──────── Source material ────────

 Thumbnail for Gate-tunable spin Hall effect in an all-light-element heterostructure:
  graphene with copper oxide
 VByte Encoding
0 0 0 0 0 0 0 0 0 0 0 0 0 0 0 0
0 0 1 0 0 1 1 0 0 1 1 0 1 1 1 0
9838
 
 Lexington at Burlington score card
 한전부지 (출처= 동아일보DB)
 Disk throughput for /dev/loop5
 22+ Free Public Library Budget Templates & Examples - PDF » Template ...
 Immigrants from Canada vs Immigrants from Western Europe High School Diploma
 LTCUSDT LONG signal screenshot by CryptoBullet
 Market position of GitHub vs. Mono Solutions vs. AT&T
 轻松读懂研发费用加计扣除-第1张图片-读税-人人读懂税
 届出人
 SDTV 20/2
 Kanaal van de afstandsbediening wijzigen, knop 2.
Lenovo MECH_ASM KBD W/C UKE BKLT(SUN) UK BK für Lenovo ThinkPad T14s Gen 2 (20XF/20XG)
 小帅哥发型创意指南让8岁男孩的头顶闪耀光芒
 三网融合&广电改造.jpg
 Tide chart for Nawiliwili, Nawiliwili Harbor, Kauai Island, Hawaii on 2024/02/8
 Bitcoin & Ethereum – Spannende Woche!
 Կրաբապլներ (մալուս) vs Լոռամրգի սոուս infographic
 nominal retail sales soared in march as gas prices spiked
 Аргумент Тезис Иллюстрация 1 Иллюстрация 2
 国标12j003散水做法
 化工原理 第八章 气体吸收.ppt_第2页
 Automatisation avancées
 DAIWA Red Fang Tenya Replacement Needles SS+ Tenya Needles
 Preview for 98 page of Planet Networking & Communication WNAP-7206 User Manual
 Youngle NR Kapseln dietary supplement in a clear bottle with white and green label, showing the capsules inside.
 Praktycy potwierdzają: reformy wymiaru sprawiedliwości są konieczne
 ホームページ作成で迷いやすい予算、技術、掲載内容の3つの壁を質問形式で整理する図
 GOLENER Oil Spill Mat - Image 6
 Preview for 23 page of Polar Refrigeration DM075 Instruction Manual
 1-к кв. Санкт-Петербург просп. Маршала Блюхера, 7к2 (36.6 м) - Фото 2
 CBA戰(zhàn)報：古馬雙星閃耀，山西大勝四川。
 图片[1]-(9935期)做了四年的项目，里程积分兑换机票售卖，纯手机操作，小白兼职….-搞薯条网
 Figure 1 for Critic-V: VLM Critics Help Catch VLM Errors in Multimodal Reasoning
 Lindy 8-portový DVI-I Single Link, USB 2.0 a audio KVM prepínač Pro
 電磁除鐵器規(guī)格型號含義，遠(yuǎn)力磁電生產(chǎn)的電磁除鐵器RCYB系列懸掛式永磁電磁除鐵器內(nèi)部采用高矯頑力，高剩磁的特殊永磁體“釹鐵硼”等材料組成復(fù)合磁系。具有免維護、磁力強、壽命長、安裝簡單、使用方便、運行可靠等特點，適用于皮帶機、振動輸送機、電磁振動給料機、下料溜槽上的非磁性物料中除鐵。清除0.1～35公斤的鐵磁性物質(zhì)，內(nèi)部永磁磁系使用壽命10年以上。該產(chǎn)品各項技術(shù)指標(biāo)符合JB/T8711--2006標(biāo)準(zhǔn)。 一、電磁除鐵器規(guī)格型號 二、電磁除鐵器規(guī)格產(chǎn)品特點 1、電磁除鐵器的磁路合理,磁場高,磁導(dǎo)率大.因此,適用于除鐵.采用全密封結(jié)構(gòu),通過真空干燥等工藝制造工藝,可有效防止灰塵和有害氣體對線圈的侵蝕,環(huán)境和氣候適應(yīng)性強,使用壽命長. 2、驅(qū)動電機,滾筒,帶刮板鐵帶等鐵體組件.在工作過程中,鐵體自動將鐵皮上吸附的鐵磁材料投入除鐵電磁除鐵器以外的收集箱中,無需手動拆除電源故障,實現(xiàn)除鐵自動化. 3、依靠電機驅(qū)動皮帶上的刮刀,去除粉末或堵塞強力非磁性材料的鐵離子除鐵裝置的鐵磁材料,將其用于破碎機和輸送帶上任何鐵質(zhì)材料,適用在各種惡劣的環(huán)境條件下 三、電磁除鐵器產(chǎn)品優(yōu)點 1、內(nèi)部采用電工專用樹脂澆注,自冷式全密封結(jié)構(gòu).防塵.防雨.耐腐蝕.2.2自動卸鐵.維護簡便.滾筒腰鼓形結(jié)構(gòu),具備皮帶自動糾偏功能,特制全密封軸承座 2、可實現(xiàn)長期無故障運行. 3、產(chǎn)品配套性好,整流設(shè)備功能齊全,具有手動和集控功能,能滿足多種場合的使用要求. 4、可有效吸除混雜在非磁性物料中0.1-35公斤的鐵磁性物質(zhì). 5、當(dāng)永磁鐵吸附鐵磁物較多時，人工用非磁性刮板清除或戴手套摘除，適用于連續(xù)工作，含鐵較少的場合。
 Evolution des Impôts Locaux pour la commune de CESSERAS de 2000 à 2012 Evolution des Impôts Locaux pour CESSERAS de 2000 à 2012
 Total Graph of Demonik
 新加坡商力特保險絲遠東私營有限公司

────────

* _Exercise_: Transcribe the records above exactly as they appear.

* _Final answer_:
 Thumbnail for Gate-tunable spin Hall effect in an all-light-element heterostructure:
  graphene with copper oxide
 VByte Encoding
0 0 0 0 0 0 0 0 0 0 0 0 0 0 0 0
0 0 1 0 0 1 1 0 0 1 1 0 1 1 1 0
9838
 
 Lexington at Burlington score card
 한전부지 (출처= 동아일보DB)
 Disk throughput for /dev/loop5
 22+ Free Public Library Budget Templates & Examples - PDF » Template ...
 Immigrants from Canada vs Immigrants from Western Europe High School Diploma
 LTCUSDT LONG signal screenshot by CryptoBullet
 Market position of GitHub vs. Mono Solutions vs. AT&T
 轻松读懂研发费用加计扣除-第1张图片-读税-人人读懂税
 届出人
 SDTV 20/2
 Kanaal van de afstandsbediening wijzigen, knop 2.
Lenovo MECH_ASM KBD W/C UKE BKLT(SUN) UK BK für Lenovo ThinkPad T14s Gen 2 (20XF/20XG)
 小帅哥发型创意指南让8岁男孩的头顶闪耀光芒
 三网融合&广电改造.jpg
 Tide chart for Nawiliwili, Nawiliwili Harbor, Kauai Island, Hawaii on 2024/02/8
 Bitcoin & Ethereum – Spannende Woche!
 Կրաբապլներ (մալուս) vs Լոռամրգի սոուս infographic
 nominal retail sales soared in march as gas prices spiked
 Аргумент Тезис Иллюстрация 1 Иллюстрация 2
 国标12j003散水做法
 化工原理 第八章 气体吸收.ppt_第2页
 Automatisation avancées
 DAIWA Red Fang Tenya Replacement Needles SS+ Tenya Needles
 Preview for 98 page of Planet Networking & Communication WNAP-7206 User Manual
 Youngle NR Kapseln dietary supplement in a clear bottle with white and green label, showing the capsules inside.
 Praktycy potwierdzają: reformy wymiaru sprawiedliwości są konieczne
 ホームページ作成で迷いやすい予算、技術、掲載内容の3つの壁を質問形式で整理する図
 GOLENER Oil Spill Mat - Image 6
 Preview for 23 page of Polar Refrigeration DM075 Instruction Manual
 1-к кв. Санкт-Петербург просп. Маршала Блюхера, 7к2 (36.6 м) - Фото 2
 CBA戰(zhàn)報：古馬雙星閃耀，山西大勝四川。
 图片[1]-(9935期)做了四年的项目，里程积分兑换机票售卖，纯手机操作，小白兼职….-搞薯条网
 Figure 1 for Critic-V: VLM Critics Help Catch VLM Errors in Multimodal Reasoning
 Lindy 8-portový DVI-I Single Link, USB 2.0 a audio KVM prepínač Pro
 電磁除鐵器規(guī)格型號含義，遠(yuǎn)力磁電生產(chǎn)的電磁除鐵器RCYB系列懸掛式永磁電磁除鐵器內(nèi)部采用高矯頑力，高剩磁的特殊永磁體“釹鐵硼”等材料組成復(fù)合磁系。具有免維護、磁力強、壽命長、安裝簡單、使用方便、運行可靠等特點，適用于皮帶機、振動輸送機、電磁振動給料機、下料溜槽上的非磁性物料中除鐵。清除0.1～35公斤的鐵磁性物質(zhì)，內(nèi)部永磁磁系使用壽命10年以上。該產(chǎn)品各項技術(shù)指標(biāo)符合JB/T8711--2006標(biāo)準(zhǔn)。 一、電磁除鐵器規(guī)格型號 二、電磁除鐵器規(guī)格產(chǎn)品特點 1、電磁除鐵器的磁路合理,磁場高,磁導(dǎo)率大.因此,適用于除鐵.采用全密封結(jié)構(gòu),通過真空干燥等工藝制造工藝,可有效防止灰塵和有害氣體對線圈的侵蝕,環(huán)境和氣候適應(yīng)性強,使用壽命長. 2、驅(qū)動電機,滾筒,帶刮板鐵帶等鐵體組件.在工作過程中,鐵體自動將鐵皮上吸附的鐵磁材料投入除鐵電磁除鐵器以外的收集箱中,無需手動拆除電源故障,實現(xiàn)除鐵自動化. 3、依靠電機驅(qū)動皮帶上的刮刀,去除粉末或堵塞強力非磁性材料的鐵離子除鐵裝置的鐵磁材料,將其用于破碎機和輸送帶上任何鐵質(zhì)材料,適用在各種惡劣的環(huán)境條件下 三、電磁除鐵器產(chǎn)品優(yōu)點 1、內(nèi)部采用電工專用樹脂澆注,自冷式全密封結(jié)構(gòu).防塵.防雨.耐腐蝕.2.2自動卸鐵.維護簡便.滾筒腰鼓形結(jié)構(gòu),具備皮帶自動糾偏功能,特制全密封軸承座 2、可實現(xiàn)長期無故障運行. 3、產(chǎn)品配套性好,整流設(shè)備功能齊全,具有手動和集控功能,能滿足多種場合的使用要求. 4、可有效吸除混雜在非磁性物料中0.1-35公斤的鐵磁性物質(zhì). 5、當(dāng)永磁鐵吸附鐵磁物較多時，人工用非磁性刮板清除或戴手套摘除，適用于連續(xù)工作，含鐵較少的場合。
 Evolution des Impôts Locaux pour la commune de CESSERAS de 2000 à 2012 Evolution des Impôts Locaux pour CESSERAS de 2000 à 2012
 Total Graph of Demonik
 新加坡商力特保險絲遠東私營有限公司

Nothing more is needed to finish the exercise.